> [PROVIDED INFORMATION]
= = =

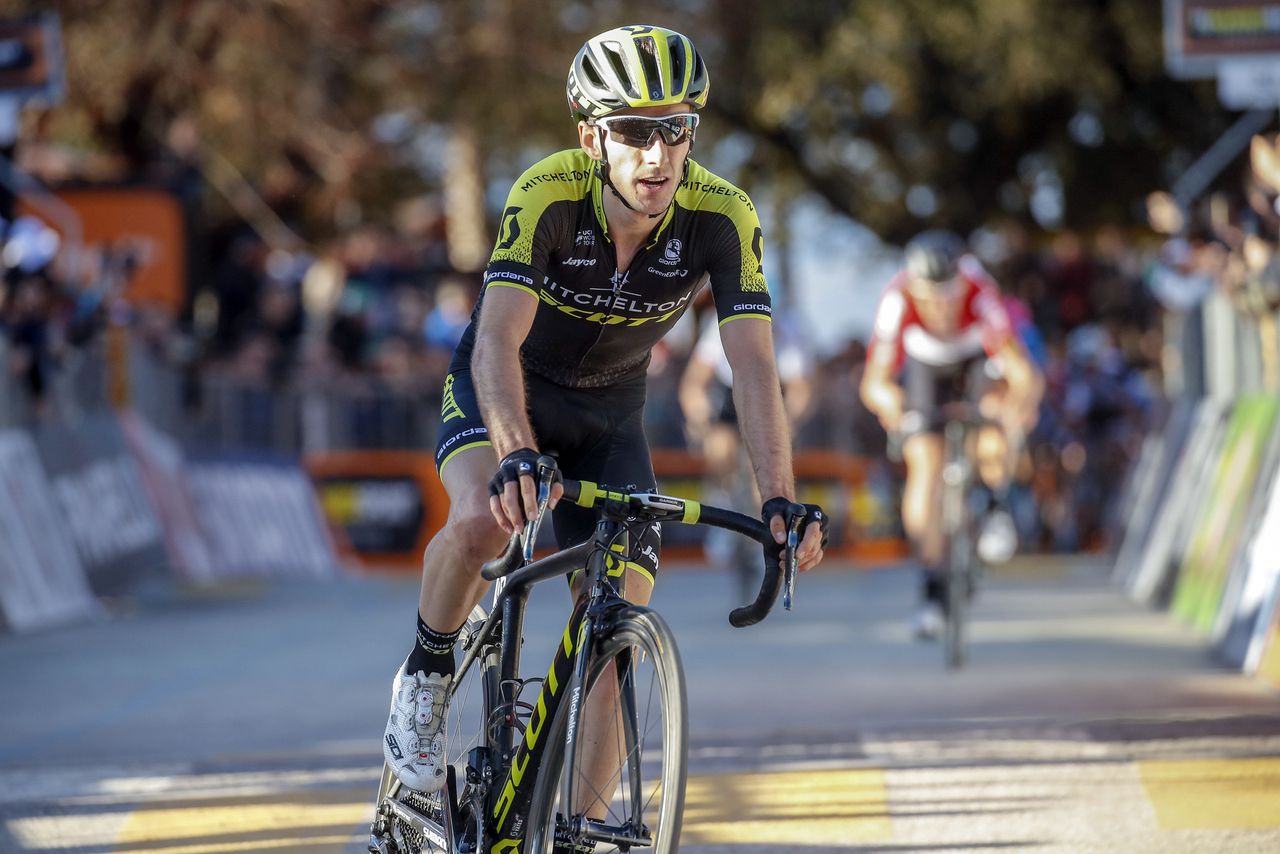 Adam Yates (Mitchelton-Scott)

= = =

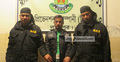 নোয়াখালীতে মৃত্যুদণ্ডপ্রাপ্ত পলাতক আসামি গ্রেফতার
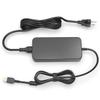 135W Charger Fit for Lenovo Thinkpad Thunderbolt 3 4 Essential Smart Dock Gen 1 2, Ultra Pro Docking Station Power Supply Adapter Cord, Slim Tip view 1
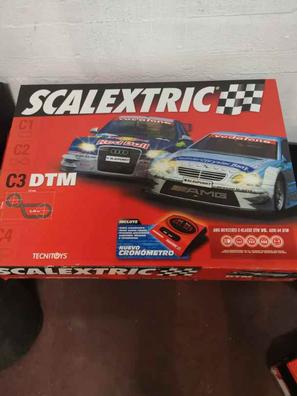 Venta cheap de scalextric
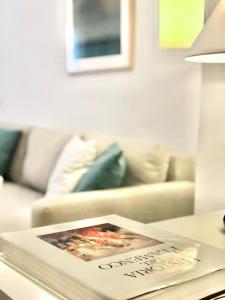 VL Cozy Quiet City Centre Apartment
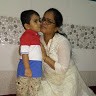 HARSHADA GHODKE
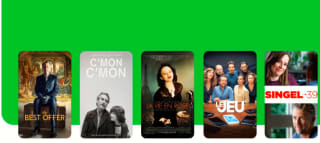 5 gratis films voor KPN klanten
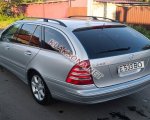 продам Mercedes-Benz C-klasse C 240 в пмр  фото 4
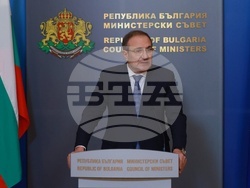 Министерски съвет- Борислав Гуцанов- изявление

= = =

> [PROBLEM TO SOLVE] Print everything from the line with "135W Charger Fit" down to the line with "продам Mercedes-Benz C-klasse" in the entries above, both lines included and nothing more, without the pictures.

> [EXERCISE SOLUTION]
 135W Charger Fit for Lenovo Thinkpad Thunderbolt 3 4 Essential Smart Dock Gen 1 2, Ultra Pro Docking Station Power Supply Adapter Cord, Slim Tip view 1
 Venta cheap de scalextric
 VL Cozy Quiet City Centre Apartment
 HARSHADA GHODKE
 5 gratis films voor KPN klanten
 продам Mercedes-Benz C-klasse C 240 в пмр  фото 4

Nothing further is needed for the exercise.